I wrote out the ground rules of my 30 day experiment and spent the rest of the afternoon preparing:

  • Inbox Zero and limited email checking at work
  • No mobile usage around my family
  • Find little ways to have fun at work, since I’d blown my vacation and the next is a long way off

I’m exceedingly lucky to be able to do something like this. I’m not the one they call at 4 AM when a server crashes. It’s a luxury.

The next morning, I committed to not check email before 11. This was insanely difficult. I met a friend for coffee, rolled in late, and then I baked a loaf of bread in my cubicle, because 1.) bread smells delicious, and 2.) I didn’t give up carbs.

Cubicle bread! This machine was my alarm clock when I lived in Chicago.

Cubicle bread!

What I Learned

My first email check was 11:15 AM and I was ruthless: DELETE. DELETE. DELETE. DELETE. MOVE TO ACTIONS FOLDER… When I hit my stopping point I closed Mail and didn’t check it again for several hours, and that made my day lovely.

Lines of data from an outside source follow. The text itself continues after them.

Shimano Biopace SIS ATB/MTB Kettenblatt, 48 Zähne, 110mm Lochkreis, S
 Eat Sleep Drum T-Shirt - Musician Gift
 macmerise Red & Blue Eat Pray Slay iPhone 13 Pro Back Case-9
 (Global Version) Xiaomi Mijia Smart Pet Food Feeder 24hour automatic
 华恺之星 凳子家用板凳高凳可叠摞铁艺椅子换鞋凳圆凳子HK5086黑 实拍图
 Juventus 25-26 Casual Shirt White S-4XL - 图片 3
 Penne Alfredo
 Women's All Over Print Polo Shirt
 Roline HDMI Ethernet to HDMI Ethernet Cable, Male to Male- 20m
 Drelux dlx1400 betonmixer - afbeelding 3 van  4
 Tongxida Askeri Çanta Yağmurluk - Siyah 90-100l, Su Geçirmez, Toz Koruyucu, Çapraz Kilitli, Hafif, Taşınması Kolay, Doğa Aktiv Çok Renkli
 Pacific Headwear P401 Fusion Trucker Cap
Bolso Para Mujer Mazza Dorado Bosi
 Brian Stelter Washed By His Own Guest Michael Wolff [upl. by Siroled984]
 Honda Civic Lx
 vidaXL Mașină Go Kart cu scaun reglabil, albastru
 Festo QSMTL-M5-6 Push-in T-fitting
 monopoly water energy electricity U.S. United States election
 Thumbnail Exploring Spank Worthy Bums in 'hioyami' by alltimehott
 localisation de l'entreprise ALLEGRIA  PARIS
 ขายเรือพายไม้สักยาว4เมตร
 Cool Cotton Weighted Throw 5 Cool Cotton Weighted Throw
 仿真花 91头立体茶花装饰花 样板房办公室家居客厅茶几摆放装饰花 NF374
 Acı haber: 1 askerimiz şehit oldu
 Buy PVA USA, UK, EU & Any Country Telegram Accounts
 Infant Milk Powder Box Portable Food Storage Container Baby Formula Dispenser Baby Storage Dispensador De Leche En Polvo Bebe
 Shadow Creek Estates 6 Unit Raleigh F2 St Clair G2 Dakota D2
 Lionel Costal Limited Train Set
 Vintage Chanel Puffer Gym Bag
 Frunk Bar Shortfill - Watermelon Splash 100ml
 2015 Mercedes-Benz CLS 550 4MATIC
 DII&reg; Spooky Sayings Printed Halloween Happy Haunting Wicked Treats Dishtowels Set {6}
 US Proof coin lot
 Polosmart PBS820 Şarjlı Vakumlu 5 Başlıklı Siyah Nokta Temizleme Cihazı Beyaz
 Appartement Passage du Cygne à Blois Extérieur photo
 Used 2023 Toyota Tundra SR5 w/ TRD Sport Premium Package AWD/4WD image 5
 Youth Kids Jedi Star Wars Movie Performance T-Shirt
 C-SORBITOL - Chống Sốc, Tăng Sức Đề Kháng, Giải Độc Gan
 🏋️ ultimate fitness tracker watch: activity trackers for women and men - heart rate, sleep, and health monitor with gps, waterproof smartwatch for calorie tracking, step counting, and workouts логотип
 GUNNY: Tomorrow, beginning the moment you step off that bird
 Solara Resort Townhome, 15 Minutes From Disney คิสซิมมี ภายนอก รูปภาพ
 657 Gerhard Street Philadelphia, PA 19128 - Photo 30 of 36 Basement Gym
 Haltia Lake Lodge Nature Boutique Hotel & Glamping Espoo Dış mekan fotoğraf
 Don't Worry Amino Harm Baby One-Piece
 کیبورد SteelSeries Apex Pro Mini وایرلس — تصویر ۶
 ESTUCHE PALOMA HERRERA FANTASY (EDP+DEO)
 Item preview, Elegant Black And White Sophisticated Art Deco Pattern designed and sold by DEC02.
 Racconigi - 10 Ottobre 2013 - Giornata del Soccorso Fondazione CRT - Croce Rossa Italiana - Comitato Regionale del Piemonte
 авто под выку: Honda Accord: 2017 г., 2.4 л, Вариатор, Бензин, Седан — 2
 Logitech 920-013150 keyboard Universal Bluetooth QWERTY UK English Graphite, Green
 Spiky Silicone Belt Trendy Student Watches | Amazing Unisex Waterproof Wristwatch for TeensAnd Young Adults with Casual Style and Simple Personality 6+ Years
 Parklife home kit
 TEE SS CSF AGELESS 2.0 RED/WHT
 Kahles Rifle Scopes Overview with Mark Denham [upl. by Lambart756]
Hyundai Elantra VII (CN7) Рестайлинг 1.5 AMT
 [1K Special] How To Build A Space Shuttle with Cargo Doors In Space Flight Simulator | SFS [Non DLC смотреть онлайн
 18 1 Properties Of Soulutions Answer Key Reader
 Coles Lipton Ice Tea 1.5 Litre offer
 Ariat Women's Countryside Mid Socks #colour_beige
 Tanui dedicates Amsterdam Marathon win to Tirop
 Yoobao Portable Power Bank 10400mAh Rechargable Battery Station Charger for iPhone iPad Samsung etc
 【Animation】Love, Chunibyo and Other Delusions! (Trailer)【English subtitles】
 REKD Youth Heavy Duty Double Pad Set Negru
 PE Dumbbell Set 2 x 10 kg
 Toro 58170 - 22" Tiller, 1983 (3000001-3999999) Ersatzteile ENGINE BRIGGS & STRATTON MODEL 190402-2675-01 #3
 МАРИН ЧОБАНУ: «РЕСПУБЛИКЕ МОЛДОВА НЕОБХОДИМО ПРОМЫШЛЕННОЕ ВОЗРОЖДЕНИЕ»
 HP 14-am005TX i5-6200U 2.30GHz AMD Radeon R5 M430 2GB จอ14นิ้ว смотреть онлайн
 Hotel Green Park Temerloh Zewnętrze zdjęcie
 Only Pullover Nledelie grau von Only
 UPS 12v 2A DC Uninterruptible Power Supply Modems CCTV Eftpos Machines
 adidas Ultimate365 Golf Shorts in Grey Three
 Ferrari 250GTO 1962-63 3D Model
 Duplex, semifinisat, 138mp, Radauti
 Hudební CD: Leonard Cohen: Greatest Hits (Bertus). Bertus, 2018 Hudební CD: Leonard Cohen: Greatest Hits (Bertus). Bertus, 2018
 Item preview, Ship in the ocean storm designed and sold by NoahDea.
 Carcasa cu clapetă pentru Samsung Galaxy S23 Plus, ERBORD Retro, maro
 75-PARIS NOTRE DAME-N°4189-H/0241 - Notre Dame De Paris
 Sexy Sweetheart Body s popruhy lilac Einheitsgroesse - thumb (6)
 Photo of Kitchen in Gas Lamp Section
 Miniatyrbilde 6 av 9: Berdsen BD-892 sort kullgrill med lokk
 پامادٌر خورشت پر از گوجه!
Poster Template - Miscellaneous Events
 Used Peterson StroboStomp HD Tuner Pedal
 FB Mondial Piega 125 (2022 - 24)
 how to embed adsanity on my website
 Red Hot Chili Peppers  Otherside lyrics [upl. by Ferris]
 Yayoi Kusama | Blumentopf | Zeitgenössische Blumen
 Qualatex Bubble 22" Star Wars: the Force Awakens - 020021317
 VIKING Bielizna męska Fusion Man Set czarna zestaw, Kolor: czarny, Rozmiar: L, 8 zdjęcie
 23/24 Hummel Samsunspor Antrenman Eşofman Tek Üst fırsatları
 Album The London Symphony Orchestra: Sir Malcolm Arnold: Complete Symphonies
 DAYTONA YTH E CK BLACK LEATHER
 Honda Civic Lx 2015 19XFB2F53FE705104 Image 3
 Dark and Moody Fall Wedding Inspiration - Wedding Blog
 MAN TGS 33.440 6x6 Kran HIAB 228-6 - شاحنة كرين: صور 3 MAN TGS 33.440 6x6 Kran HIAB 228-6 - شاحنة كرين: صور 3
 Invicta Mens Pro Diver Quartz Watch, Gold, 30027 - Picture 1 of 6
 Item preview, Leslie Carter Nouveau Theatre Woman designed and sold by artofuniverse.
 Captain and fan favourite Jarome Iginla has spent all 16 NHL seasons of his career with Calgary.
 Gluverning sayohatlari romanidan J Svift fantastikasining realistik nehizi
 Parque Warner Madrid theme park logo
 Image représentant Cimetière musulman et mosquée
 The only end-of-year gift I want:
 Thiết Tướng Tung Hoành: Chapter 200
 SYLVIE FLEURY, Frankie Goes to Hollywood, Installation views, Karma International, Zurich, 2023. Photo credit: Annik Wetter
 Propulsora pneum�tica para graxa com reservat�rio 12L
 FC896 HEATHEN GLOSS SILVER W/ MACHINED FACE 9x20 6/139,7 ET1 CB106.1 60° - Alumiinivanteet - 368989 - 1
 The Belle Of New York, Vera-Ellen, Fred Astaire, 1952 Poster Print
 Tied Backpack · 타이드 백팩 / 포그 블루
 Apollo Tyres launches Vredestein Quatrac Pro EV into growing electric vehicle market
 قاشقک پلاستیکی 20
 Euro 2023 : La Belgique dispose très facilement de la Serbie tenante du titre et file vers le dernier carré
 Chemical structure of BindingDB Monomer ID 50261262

Here are some of the things that worked for me:

  • I set an arbitrary cap of 30 minutes per email session, which I rarely exceed.
  • Checking email was really intense for the first few days, but the sooner I got through it, the sooner I quit my email application and then the bliss set in.
  • I challenged myself to unsubscribe to at least one email subscription a day for the first week.
  • Many emails only need a simple one or two sentence response such as “I didn’t work on that project, try asking [NAME].”
  • I close short emails with “Thanks!” or something similar so I’m not misinterpreted as a grouch.
  • I use Mac Mail and iCal instead of Outlook, which means I can have my calendar open without having email open.
  • I informed my colleagues that I’d nuked my inbox and asked them to remind me of any outstanding items
  • I already had several inbox routing rules. I added more until things became manageable.
  • Semi-related: I switched to a standing desk a few months ago and find it much easier to focus on single tasks. I also use Getting Things Done and Evernote to stay organized.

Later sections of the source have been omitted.